### REQUIREMENT
From the line with "Navy Blue Small" to the line with "Effervescent Toilet Cleaning", output every line below exactly, both ends included. Skip the pictures.

### LISTED RECORDS
=== Section Start ===
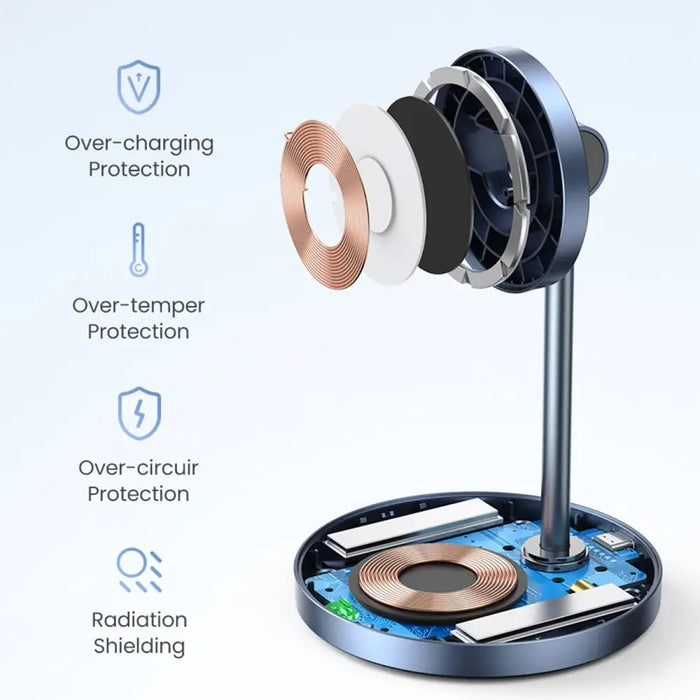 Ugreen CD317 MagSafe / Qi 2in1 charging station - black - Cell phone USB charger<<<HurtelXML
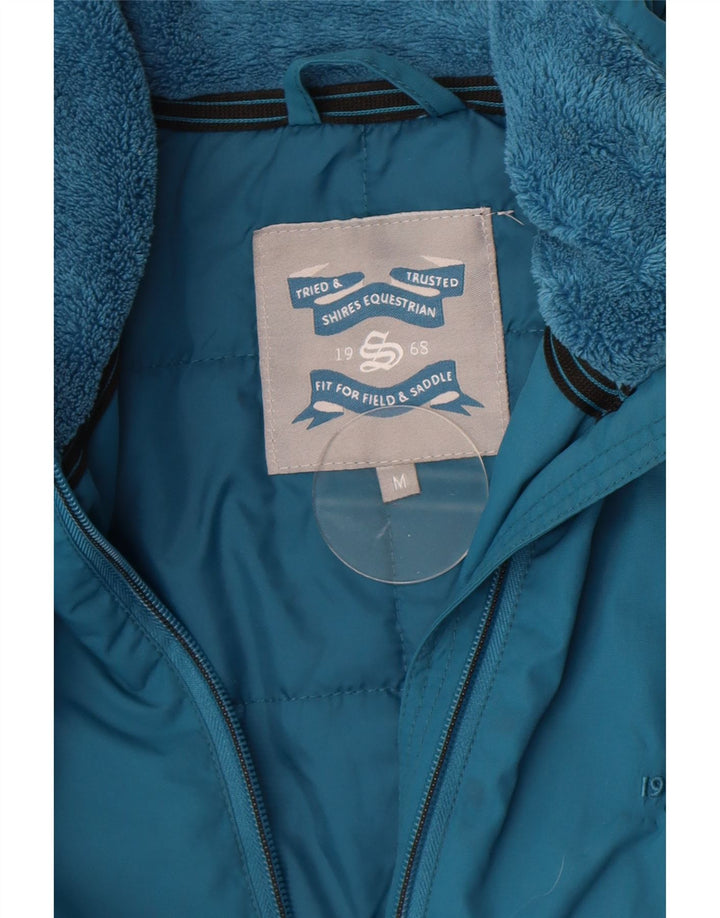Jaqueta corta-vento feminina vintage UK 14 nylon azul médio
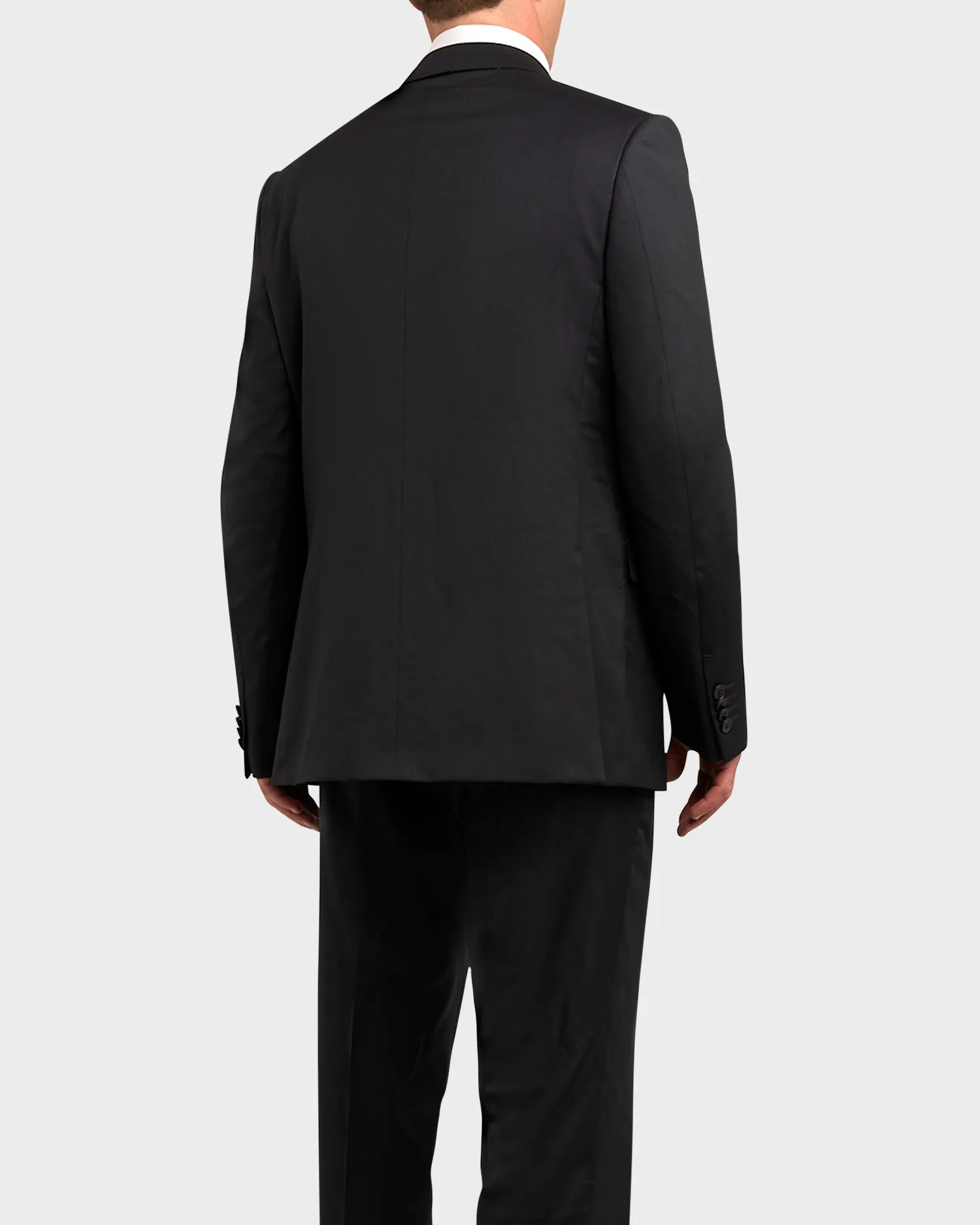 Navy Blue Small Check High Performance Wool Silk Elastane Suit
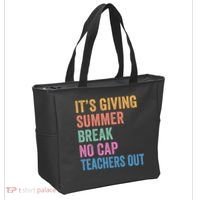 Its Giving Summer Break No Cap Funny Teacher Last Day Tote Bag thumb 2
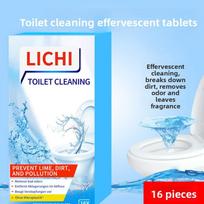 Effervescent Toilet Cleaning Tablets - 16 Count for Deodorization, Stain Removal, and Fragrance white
=== Section End ===
=== Section Start ===
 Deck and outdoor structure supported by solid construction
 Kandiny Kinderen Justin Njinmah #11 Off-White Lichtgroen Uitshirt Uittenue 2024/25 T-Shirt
=== Section End ===
=== Section Start ===
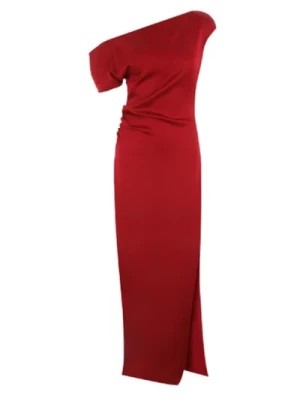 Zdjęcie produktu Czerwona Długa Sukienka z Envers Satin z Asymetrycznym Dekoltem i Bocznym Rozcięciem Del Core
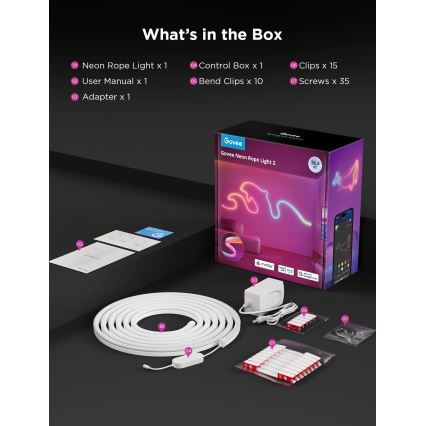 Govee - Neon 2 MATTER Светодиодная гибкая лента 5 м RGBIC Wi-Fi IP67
=== Section End ===
### TASK RESULT
 Navy Blue Small Check High Performance Wool Silk Elastane Suit
 Its Giving Summer Break No Cap Funny Teacher Last Day Tote Bag thumb 2
 Effervescent Toilet Cleaning Tablets - 16 Count for Deodorization, Stain Removal, and Fragrance white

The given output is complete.